RECORDS SHOWN:
┌──
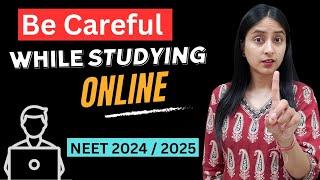 How to Study Online for NEET 2024/2025? | Don't do these 3 Mistakes #neet2024 #neet #study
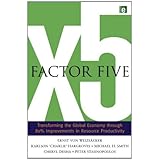 Factor Five: Transforming the Global Economy through 80% Improvements in Resource Productivity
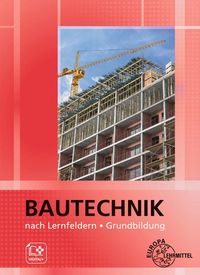 Produktbild: Bautechnik nach Lernfeldern - Grundbildung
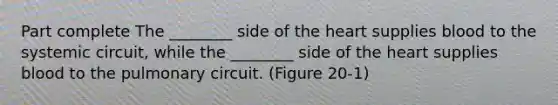 Part complete The ________ side of the heart supplies blood to the systemic circuit, while the ________ side of the heart supplies blood to the pulmonary circuit. (Figure 20-1)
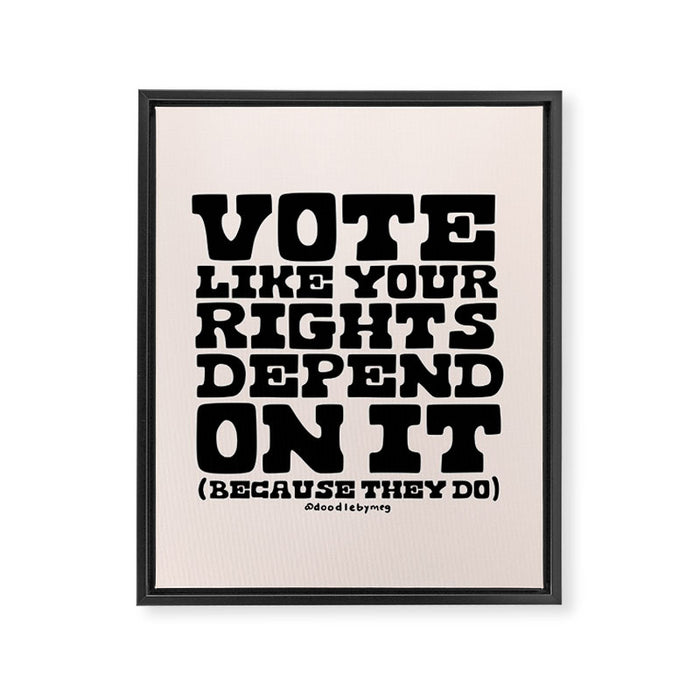 Vote Like Your Rights Depend On It in Black Framed Canvas Print Gallery Image 1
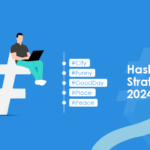 The Ultimate 2024 Social Media Hashtag Strategy Guide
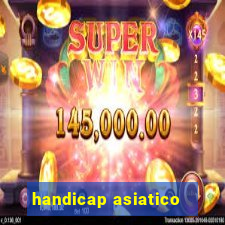 handicap asiatico - 1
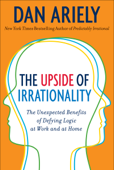 The Upside of Irrationality - Dr. Dan Ariely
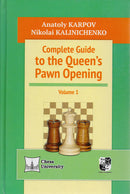 Complete Guide to the Queen's Pawn Opening Volume 1 and 2 - Karpov & Kalinichenko (2 books)
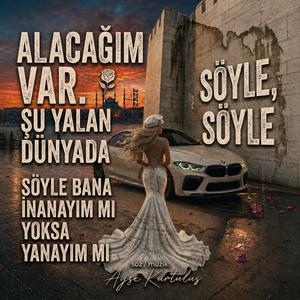 SÖYLE YANAYIMMI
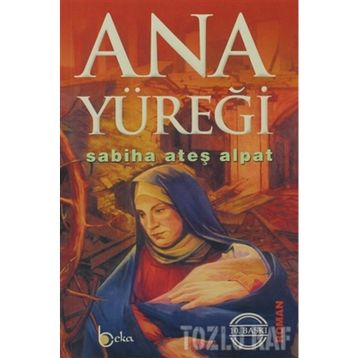 Ana Yüreği - Sabiha Ateş Alpat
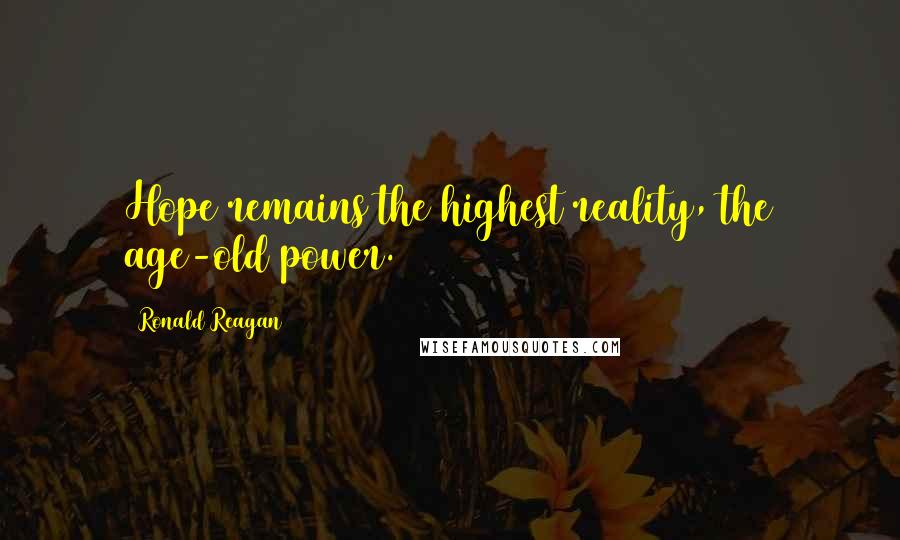Ronald Reagan Quotes: Hope remains the highest reality, the age-old power.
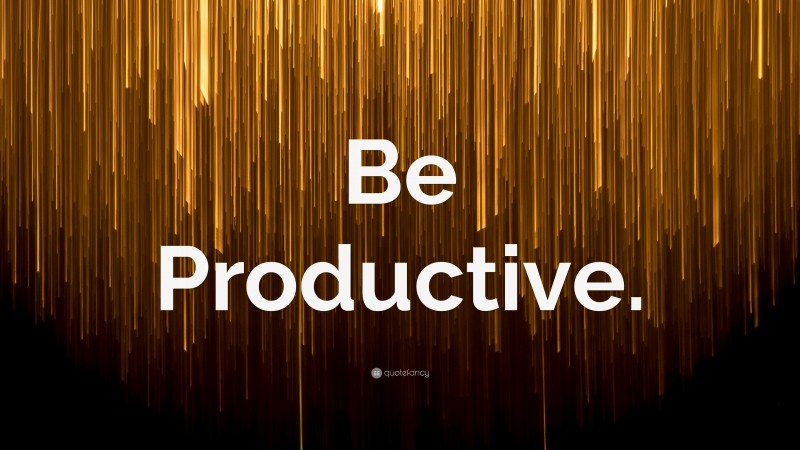 “Be Productive.” — Desktop Wallpaper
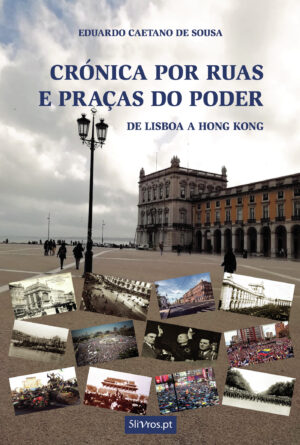 CRÓNICA POR RUAS E PRA√Õ√ßAS DO PODER 9789897821851
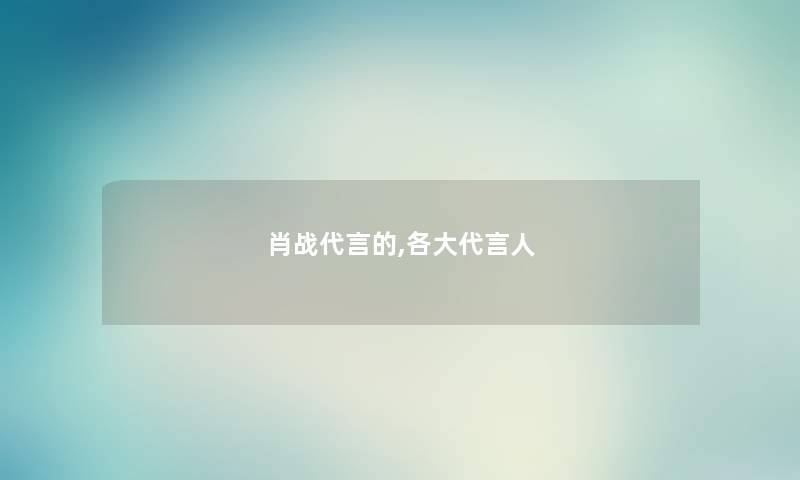 肖战代言的,各大代言人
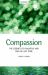 Compassion : The Essence of Palliative and End of Life Care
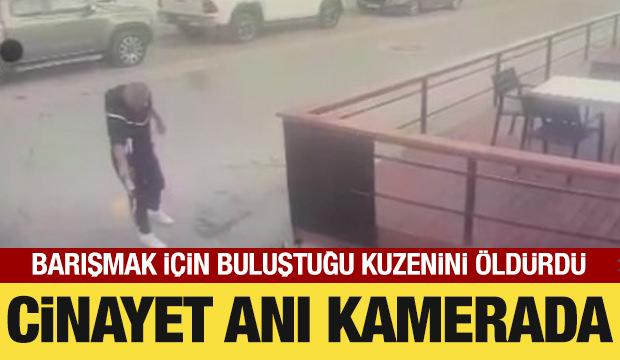 Barışmak için buluştuğu kuzenini öldürmüştü: O anlar ortaya çıktı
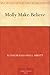 Molly Make-Believe by 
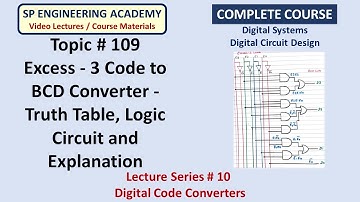 109 Excess   3 Code to BCD Converter   Truth Table, Logic Circuit and Explanation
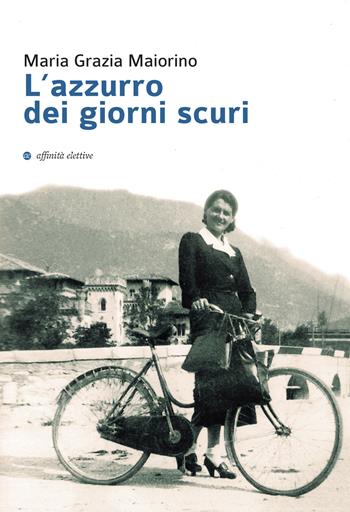 L'azzurro dei giorni scuri - Maria Grazia Maiorino - Libro Affinità Elettive Edizioni 2018, Varie | Libraccio.it
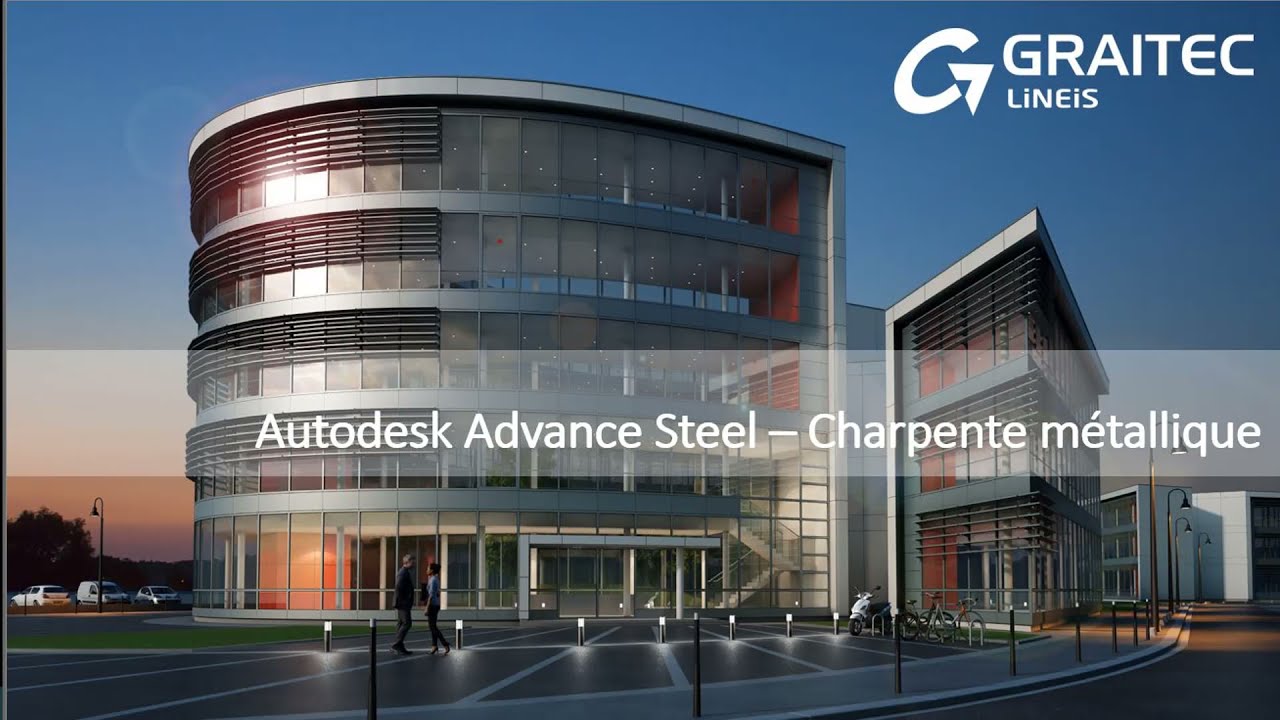 Autodesk Advance Steel - Conception charpente métallique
└──
WHAT IS NEEDED: Your answer must be the entries repeated exactly, with no pictures.

TASK ANSWER:
 How to Study Online for NEET 2024/2025? | Don't do these 3 Mistakes #neet2024 #neet #study
 Factor Five: Transforming the Global Economy through 80% Improvements in Resource Productivity
 Produktbild: Bautechnik nach Lernfeldern - Grundbildung
 Part complete The ________ side of the heart supplies blood to the systemic circuit, while the ________ side of the heart supplies blood to the pulmonary circuit. (Figure 20-1)
 Vote Like Your Rights Depend On It in Black Framed Canvas Print Gallery Image 1
 The Ultimate 2024 Social Media Hashtag Strategy Guide
 handicap asiatico - 1
 The Upside of Irrationality - Dr. Dan Ariely
 Complete Guide to the Queen's Pawn Opening Volume 1 and 2 - Karpov & Kalinichenko (2 books)
 SÖYLE YANAYIMMI
 Ana Yüreği - Sabiha Ateş Alpat
Ronald Reagan Quotes: Hope remains the highest reality, the age-old power.
 “Be Productive.” — Desktop Wallpaper
 CRÓNICA POR RUAS E PRA√Õ√ßAS DO PODER 9789897821851
 肖战代言的,各大代言人
 Compassion : The Essence of Palliative and End of Life Care
 Barışmak için buluştuğu kuzenini öldürmüştü: O anlar ortaya çıktı
 Molly Make-Believe by 
 109 Excess   3 Code to BCD Converter   Truth Table, Logic Circuit and Explanation
 L'azzurro dei giorni scuri - Maria Grazia Maiorino - Libro Affinità Elettive Edizioni 2018, Varie | Libraccio.it
 Autodesk Advance Steel - Conception charpente métallique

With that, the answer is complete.